I'm trying to prove the following: $$\iint_R(\phi_1\nabla^2\phi_2-\phi_2\nabla^2\phi_1)\ dR = 0$$
For $ 0 < x < L, 0 < y < H$. Given $\phi_i(x,y) $ satisfying the boundary conditions $$ \phi_i(x,0) = 0 = \phi_i(x,H) \ \ ||| \ \frac{\partial \phi_i}{\partial x}(0,y) = 0 = \frac{\partial \phi_i}{\partial x}(L,y) $$
where the $\phi_i(x,y) $ also satisfy $$\nabla^2 \phi_i + \lambda_i \phi_i = 0 $$
This is what I've done so far:
$$\iint_R(\phi_1\nabla^2\phi_2-\phi_2\nabla^2\phi_1)\ dR = \oint_{\partial R}(\phi_1\nabla\phi_2-\phi_2\nabla\phi_1) \cdot \textbf{n} \ ds$$ which is deduced from Green's Second Theorem. My issue is how to evaluate this last line integral given that there's the gradient and I don't know the normal vector.
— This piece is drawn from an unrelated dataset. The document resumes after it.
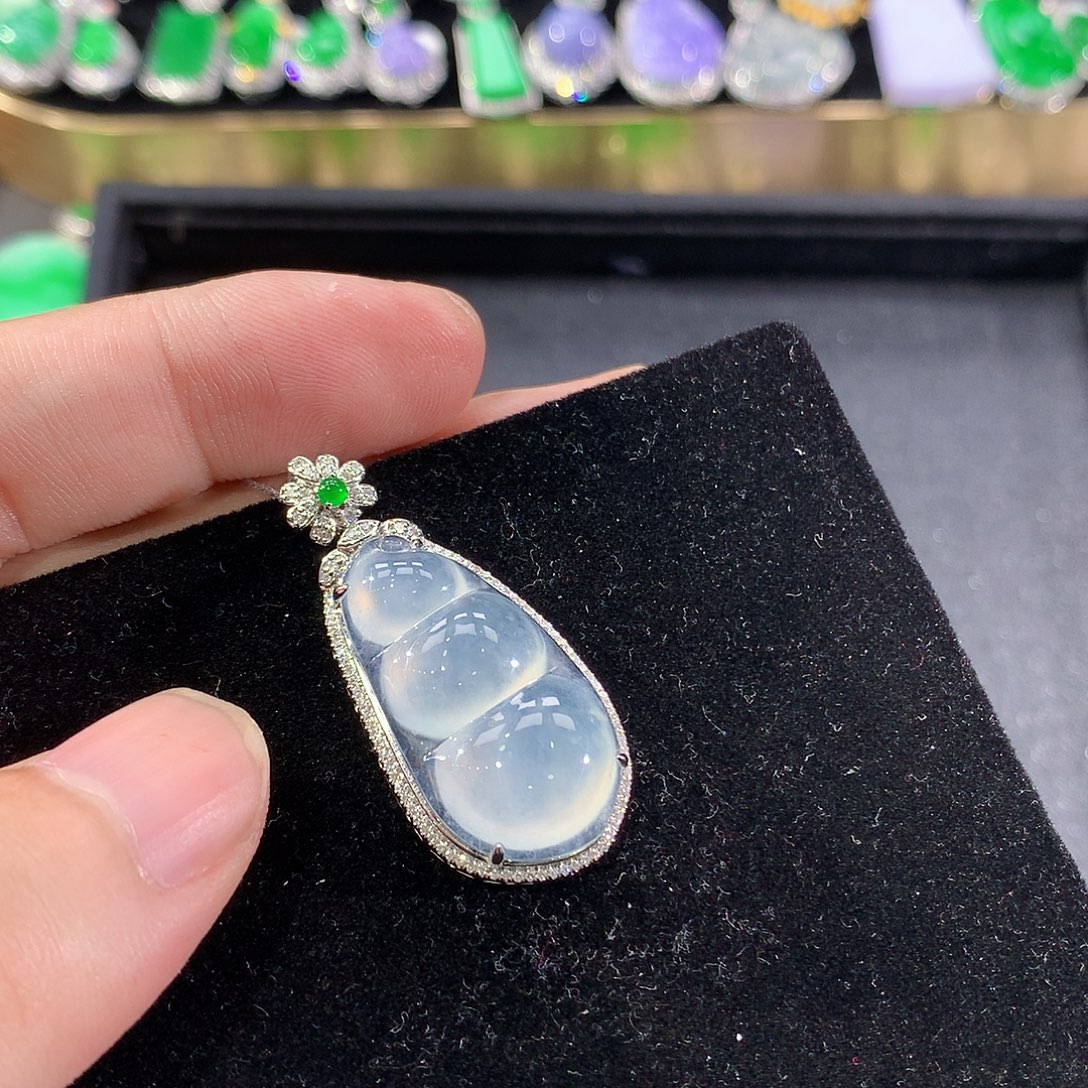 翡翠18K金镶嵌颈饰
$\oint_{\partial R} (\phi_1\nabla\phi_2-\phi_2\nabla\phi_1)\cdot \mathbf{n}$ = $$\int_{A} (\phi_1\nabla\phi_2-\phi_2\nabla\phi_1)\cdot \mathbf{n} \ d\sigma + \int_{C} (\phi_1\nabla\phi_2-\phi_2\nabla\phi_1)\cdot \mathbf{n} \ d\sigma$$
Where A and C are the vertical borders of the rectangle (our domain). Here, we use boundary conditions, that's why horizontal borders disappear. But the two remaining integrals have null integrands : $\phi_1\nabla\phi_2-\phi_2\nabla\phi_1$ is a $y$ coordinate vector, and the normal vector is a $x$ coordinate vector (since A and C are the vertical borders), so the dot product is null.